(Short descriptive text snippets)
○ ○ ○ ○ ○ ○ ○
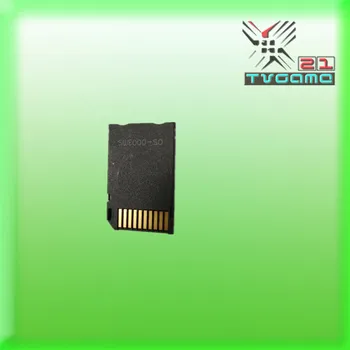 50Pcs/Veľa Single Slot Čítačky pamäťových Kariet Nové Micro SD SDHC TF na MS Memory Stick Pro Duo Reader Adaptér Pre PSP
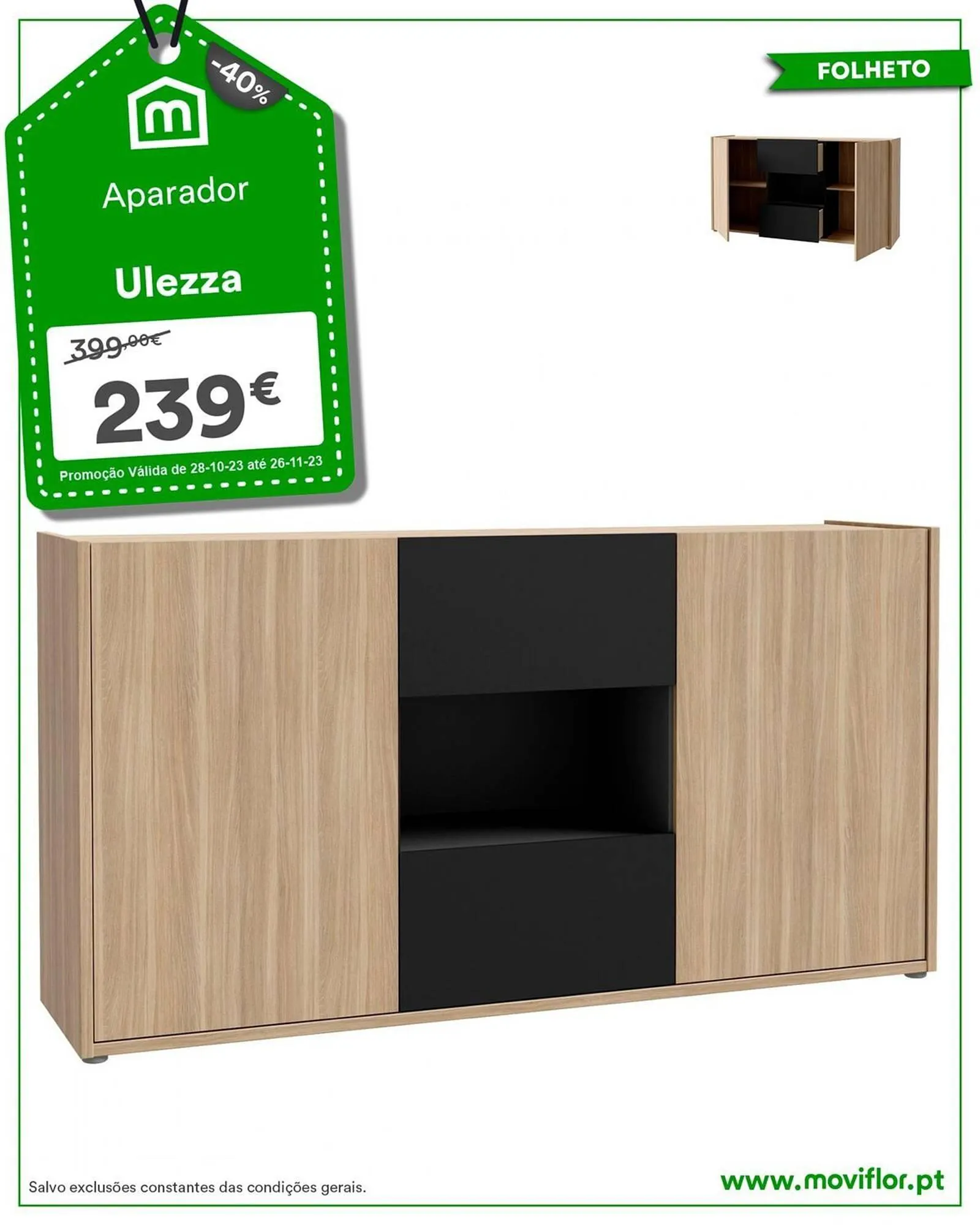 Folheto Folheto Moviflor de 1 de dezembro até 3 de dezembro 2023 - Pagina 6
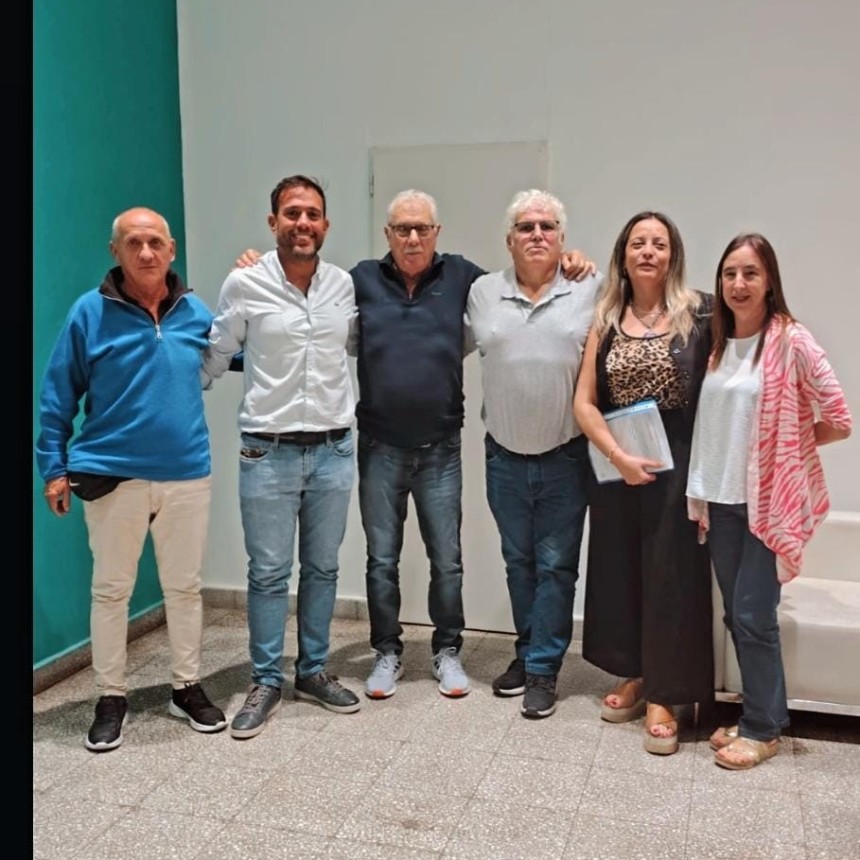 Dirigentes de la Federaci&oacute;n de Trabajadores Municipales visitaron Tres Lomas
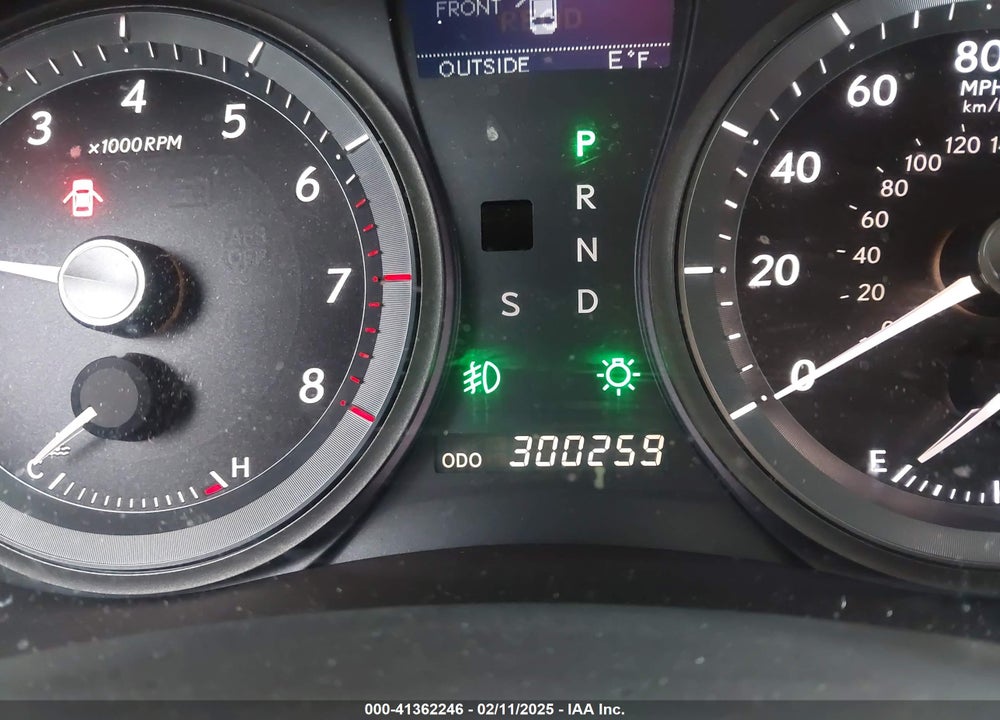 2007 LEXUS ES 350 VIN: JTHBJ46G172007795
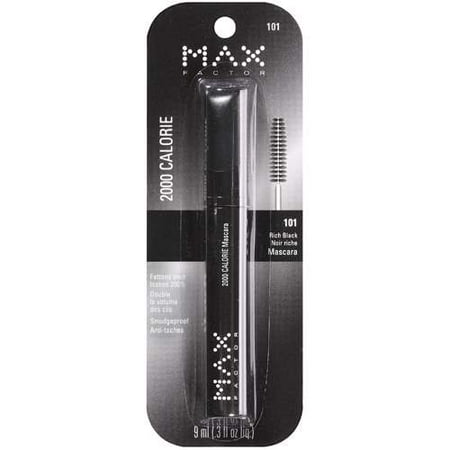 Max Factor: Rich Black 2000 Calorie Mascara, 9 mL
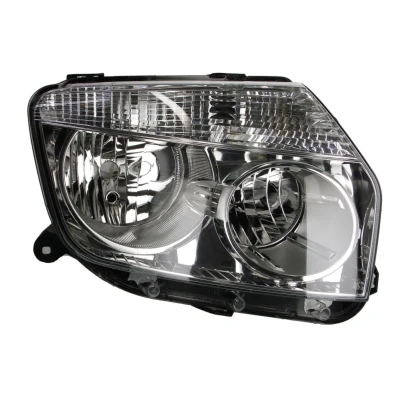 Kuva TYC 20 12477 05 2 Ajovaloumpio Oikea H7, H1 Kromi Oikeanpuoleiselle liikenteelle Ilman ohjainlaitetta DACIA: Duster SUV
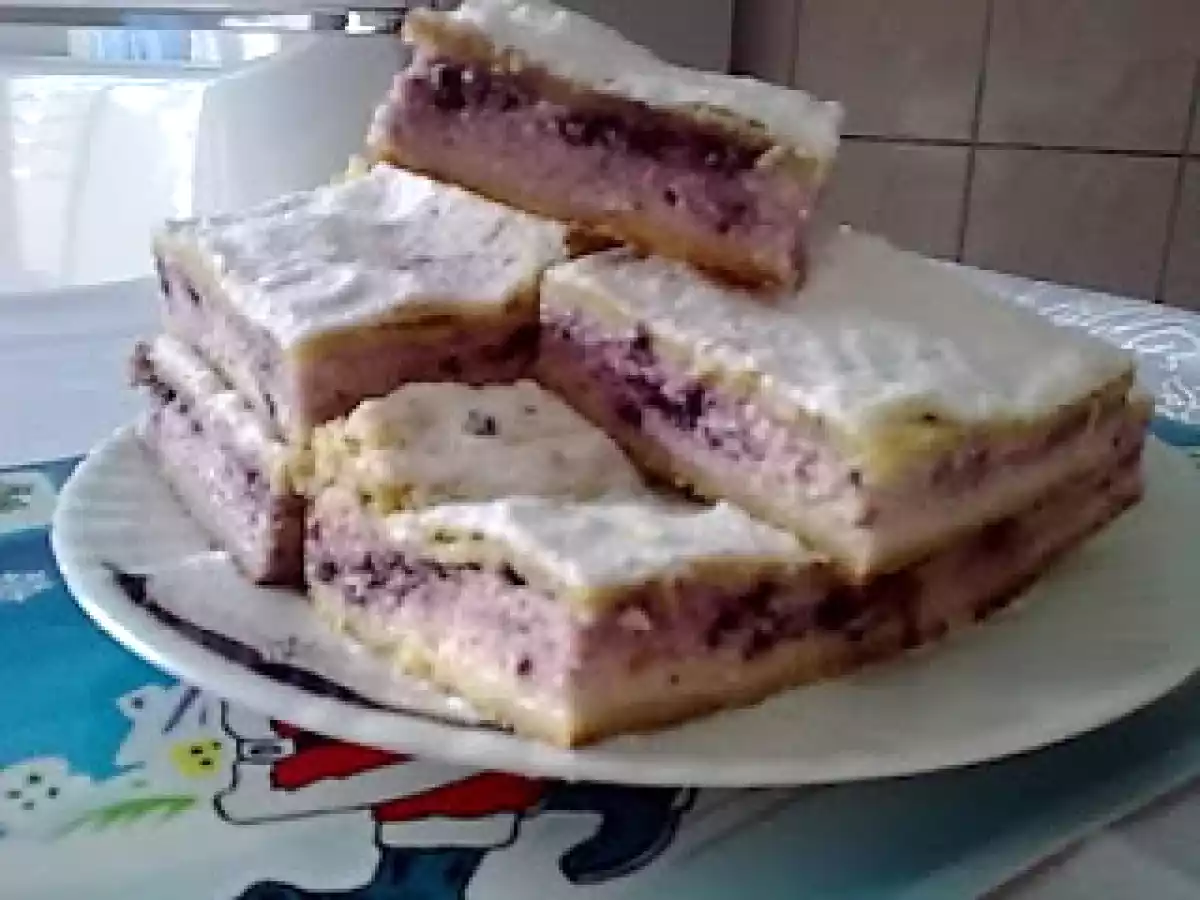 Placinta cu branza de vaci si afine - poza 5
○ ○ ○ ○ ○ ○ ○
> **EXERCISE**:
Excluding the images, return each record above precisely as written.

> **EXPECTED OUTPUT**:
 50Pcs/Veľa Single Slot Čítačky pamäťových Kariet Nové Micro SD SDHC TF na MS Memory Stick Pro Duo Reader Adaptér Pre PSP
 Folheto Folheto Moviflor de 1 de dezembro até 3 de dezembro 2023 - Pagina 6
 Dirigentes de la Federaci&oacute;n de Trabajadores Municipales visitaron Tres Lomas
 2007 LEXUS ES 350 VIN: JTHBJ46G172007795
 Max Factor: Rich Black 2000 Calorie Mascara, 9 mL
 Kuva TYC 20 12477 05 2 Ajovaloumpio Oikea H7, H1 Kromi Oikeanpuoleiselle liikenteelle Ilman ohjainlaitetta DACIA: Duster SUV
 Placinta cu branza de vaci si afine - poza 5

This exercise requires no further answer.